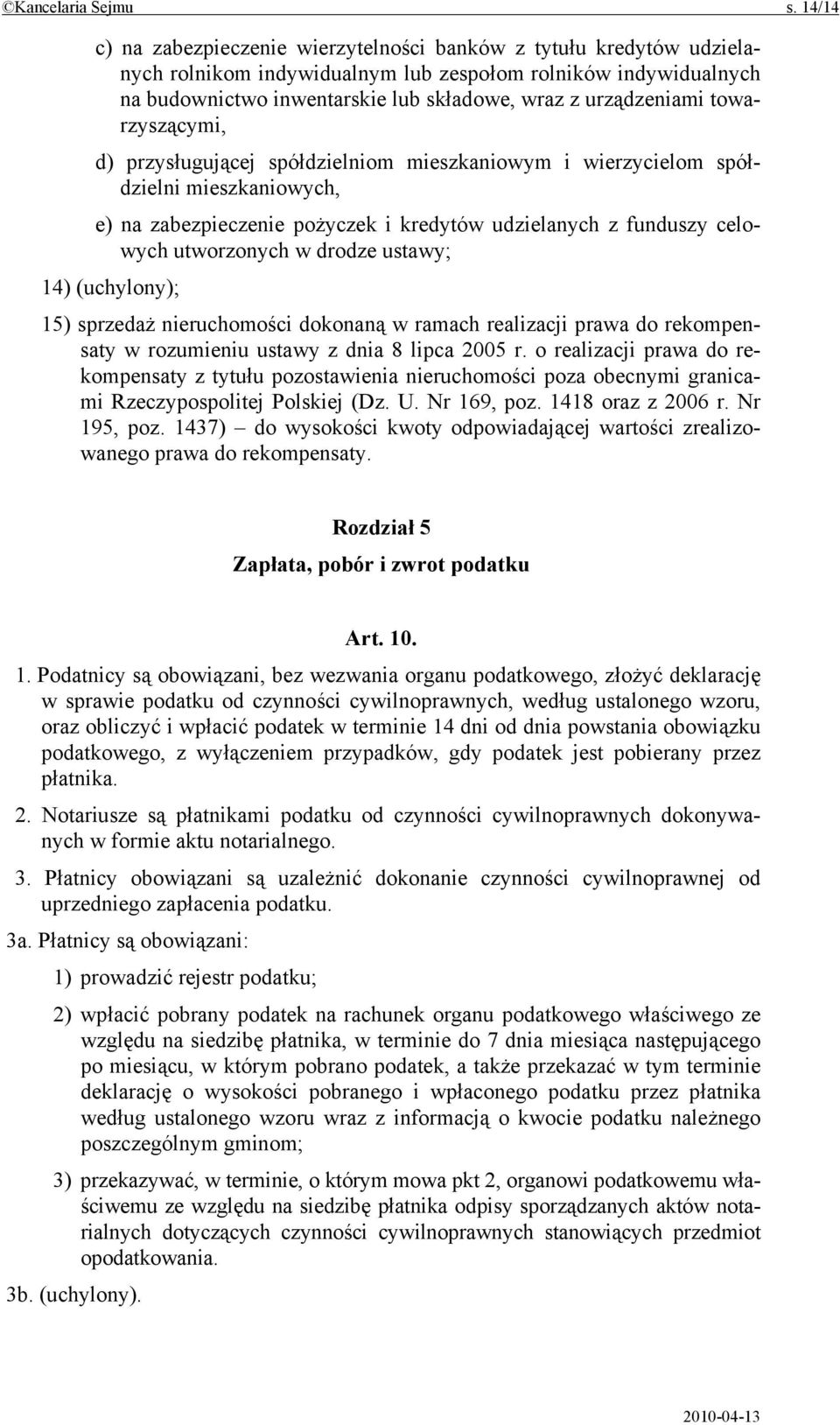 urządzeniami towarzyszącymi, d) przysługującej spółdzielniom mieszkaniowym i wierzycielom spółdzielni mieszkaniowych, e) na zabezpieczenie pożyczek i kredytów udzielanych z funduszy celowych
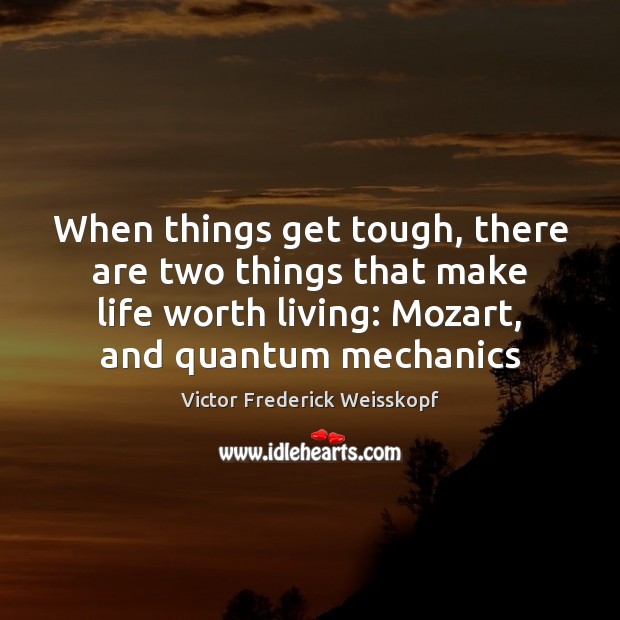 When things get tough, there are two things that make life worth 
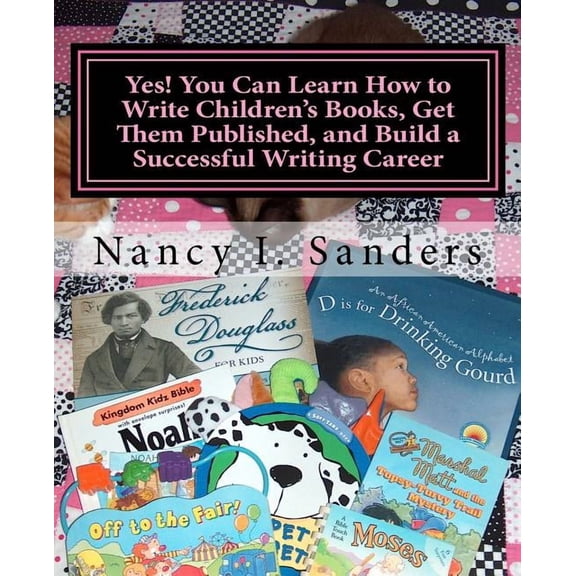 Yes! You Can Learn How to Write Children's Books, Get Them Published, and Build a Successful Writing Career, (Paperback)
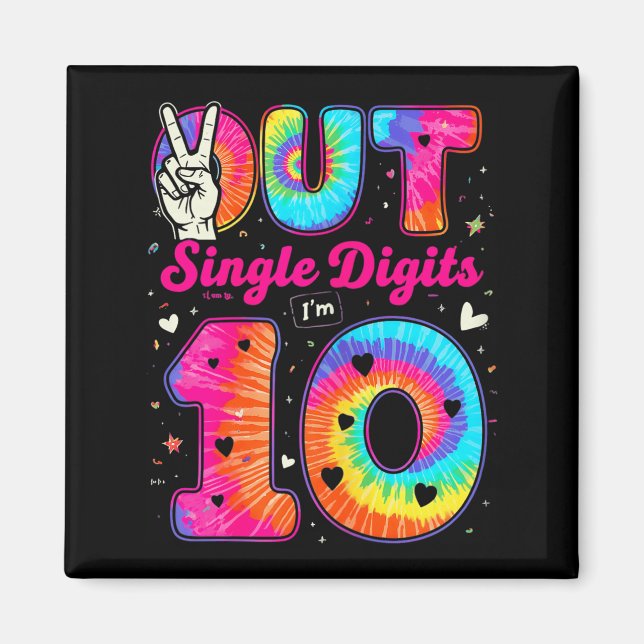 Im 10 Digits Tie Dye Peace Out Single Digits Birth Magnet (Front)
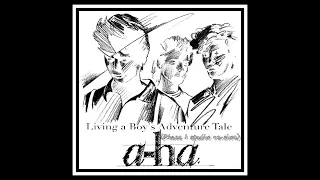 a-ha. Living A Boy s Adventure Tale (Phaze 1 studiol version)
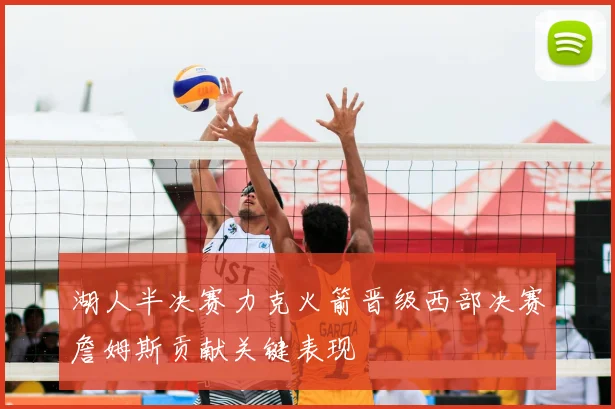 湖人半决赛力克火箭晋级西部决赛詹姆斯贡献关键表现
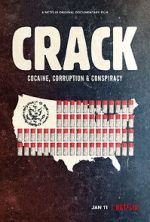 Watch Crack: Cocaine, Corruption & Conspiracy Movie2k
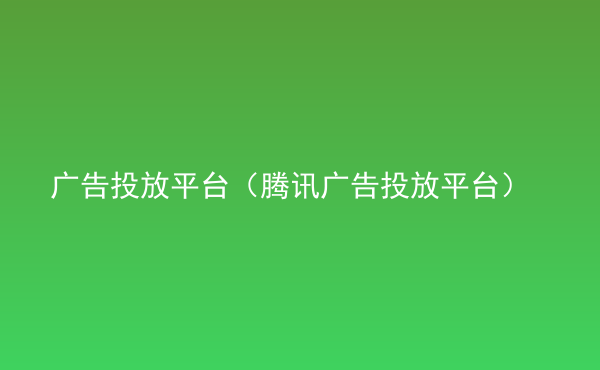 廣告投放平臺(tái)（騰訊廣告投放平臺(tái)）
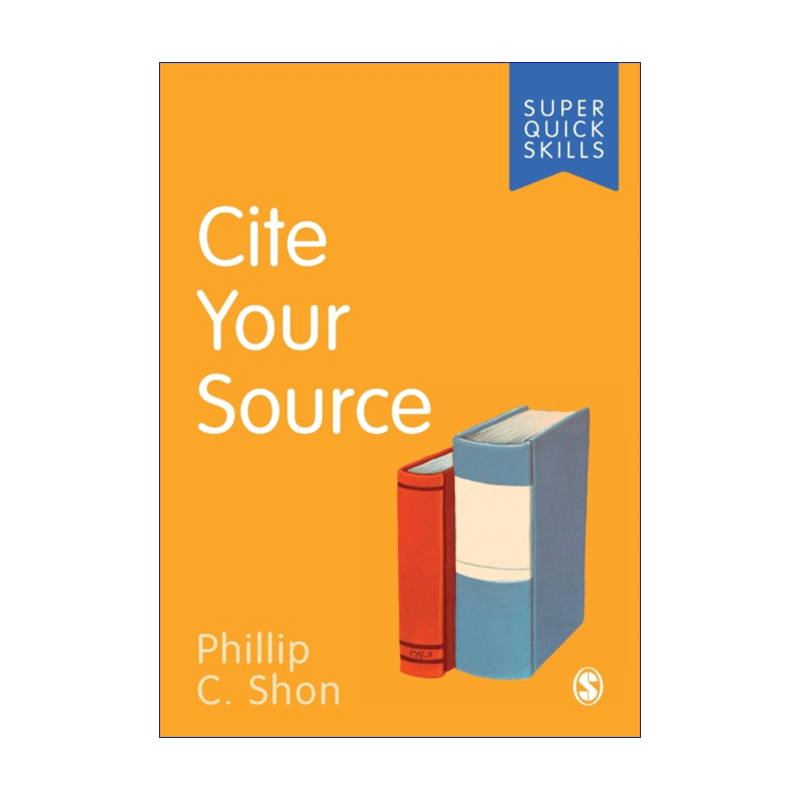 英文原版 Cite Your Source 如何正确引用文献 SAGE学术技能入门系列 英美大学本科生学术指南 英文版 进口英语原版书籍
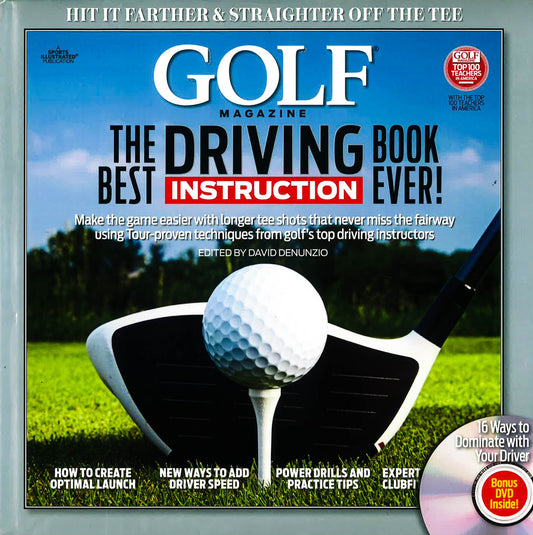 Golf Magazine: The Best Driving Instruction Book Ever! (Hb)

------------------------------------------------------------

Exclude all images and retype the data precisely.

 urządzeniami towarzyszącymi, d) przysługującej spółdzielniom mieszkaniowym i wierzycielom spółdzielni mieszkaniowych, e) na zabezpieczenie pożyczek i kredytów udzielanych z funduszy celowych
 When things get tough, there are two things that make life worth 
 Yes! You Can Learn How to Write Children's Books, Get Them Published, and Build a Successful Writing Career, (Paperback)
 Im 10 Digits Tie Dye Peace Out Single Digits Birth Magnet (Front)
 a-ha. Living A Boy s Adventure Tale (Phaze 1 studiol version)
 湖人半决赛力克火箭晋级西部决赛詹姆斯贡献关键表现
 Watch Crack: Cocaine, Corruption & Conspiracy Movie2k
 廣告投放平臺(tái)（騰訊廣告投放平臺(tái)）
 英文原版 Cite Your Source 如何正确引用文献 SAGE学术技能入门系列 英美大学本科生学术指南 英文版 进口英语原版书籍
 Golf Magazine: The Best Driving Instruction Book Ever! (Hb)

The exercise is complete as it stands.